> [ASSIGNMENT]
Restate all of the entries exactly. Any picture in them should be skipped.

Short descriptive text snippets
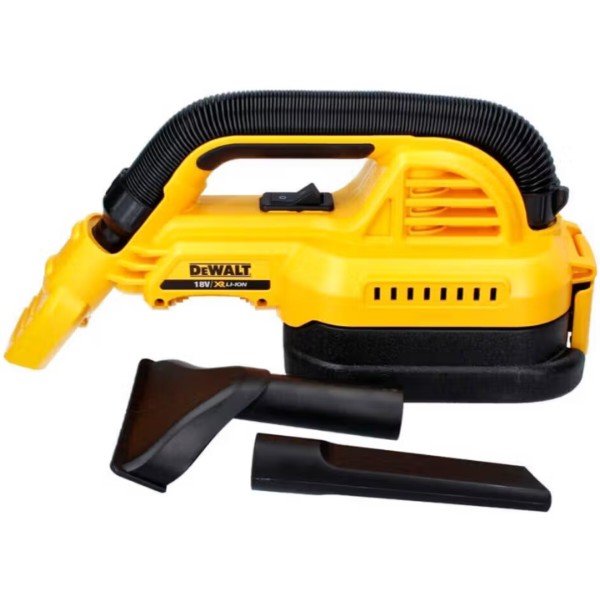 Фото - Пилосос для сухого прибирання без мішка DeWALT DCV517N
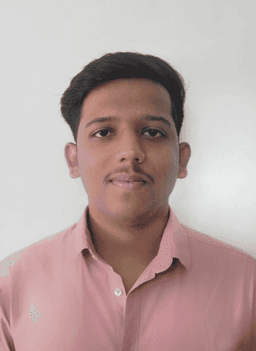 Yogant Satankar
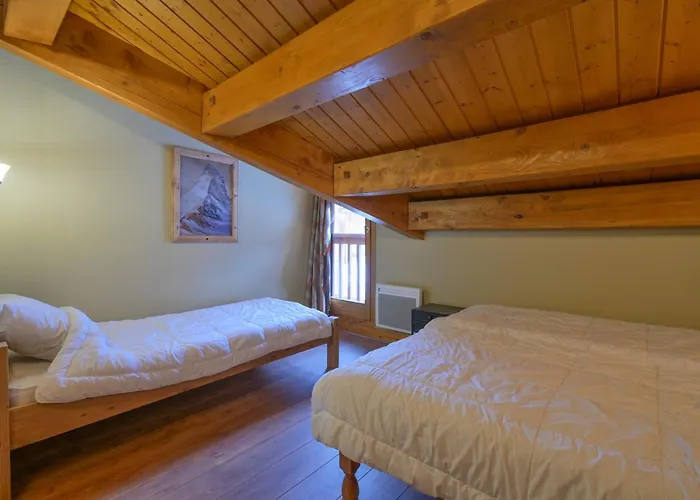 Lesetoilesdelaplagne 19 La Plagne-Tarentaise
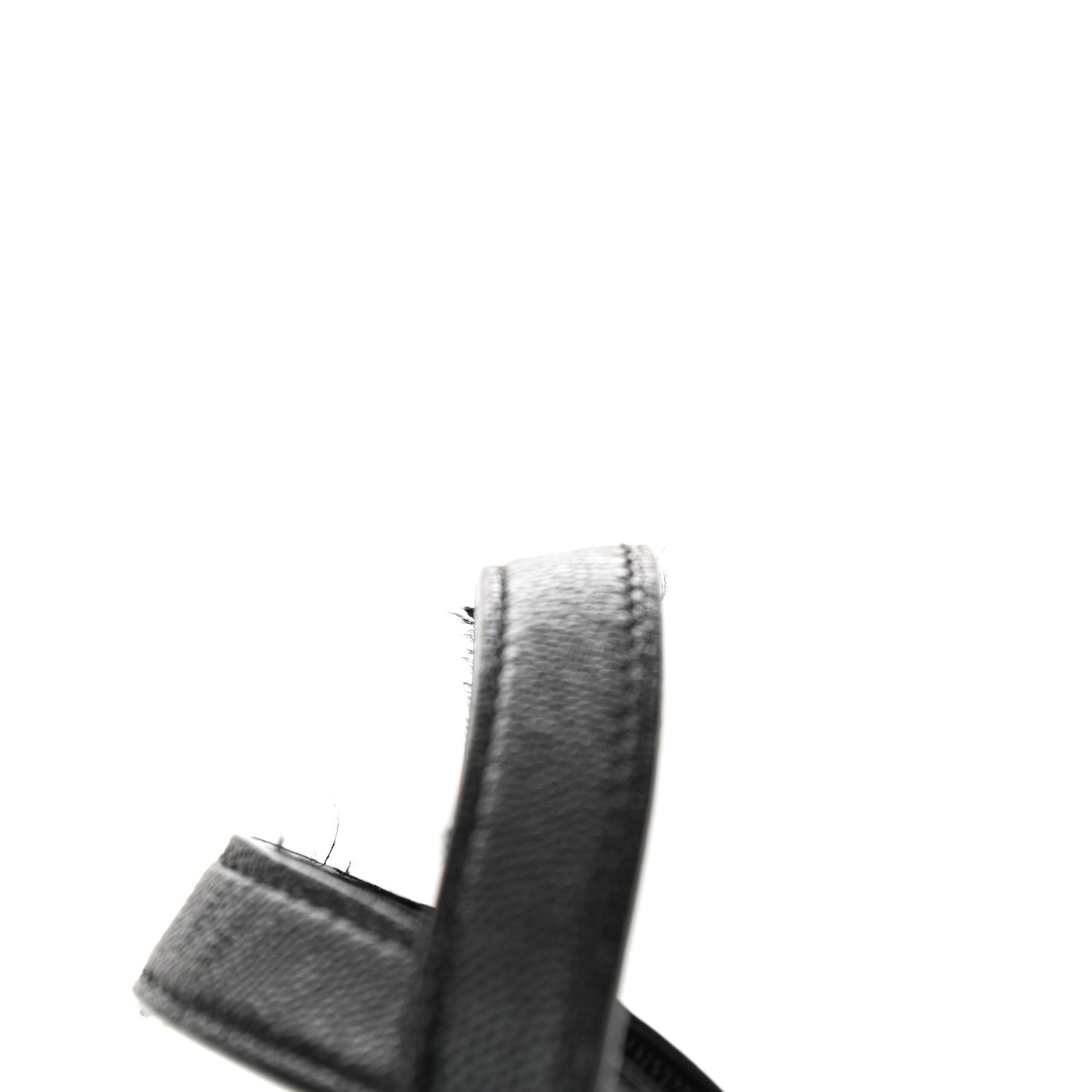 Chanel Caviar Stitched Medium Lady Coco Shopping Tote Black 13 of 13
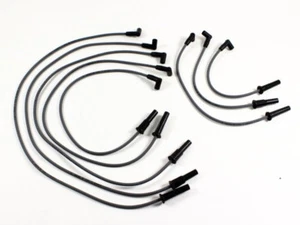 Zündkabel Satz Zündleitung V8 8mm CADILLAC ELDORADO Baujahr 1974-1981 - Bild 1 von 1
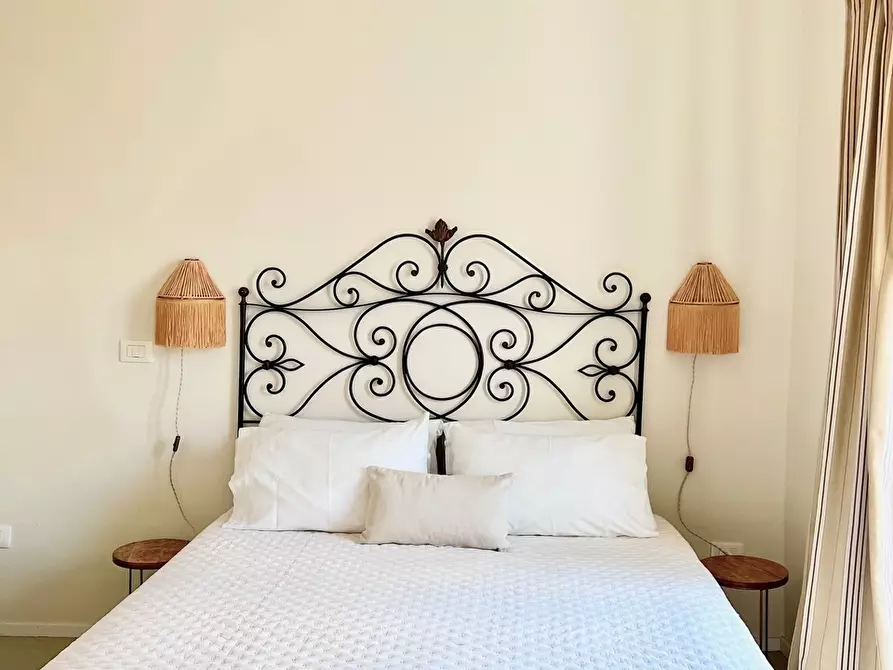 Immagine 17 di Appartamento in vendita  in VIA GEMMELLARO 23 a Siracusa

> [RESULT]
 Фото - Пилосос для сухого прибирання без мішка DeWALT DCV517N
 Yogant Satankar
 Lesetoilesdelaplagne 19 La Plagne-Tarentaise
 Chanel Caviar Stitched Medium Lady Coco Shopping Tote Black 13 of 13
 Zündkabel Satz Zündleitung V8 8mm CADILLAC ELDORADO Baujahr 1974-1981 - Bild 1 von 1
 Immagine 17 di Appartamento in vendita  in VIA GEMMELLARO 23 a Siracusa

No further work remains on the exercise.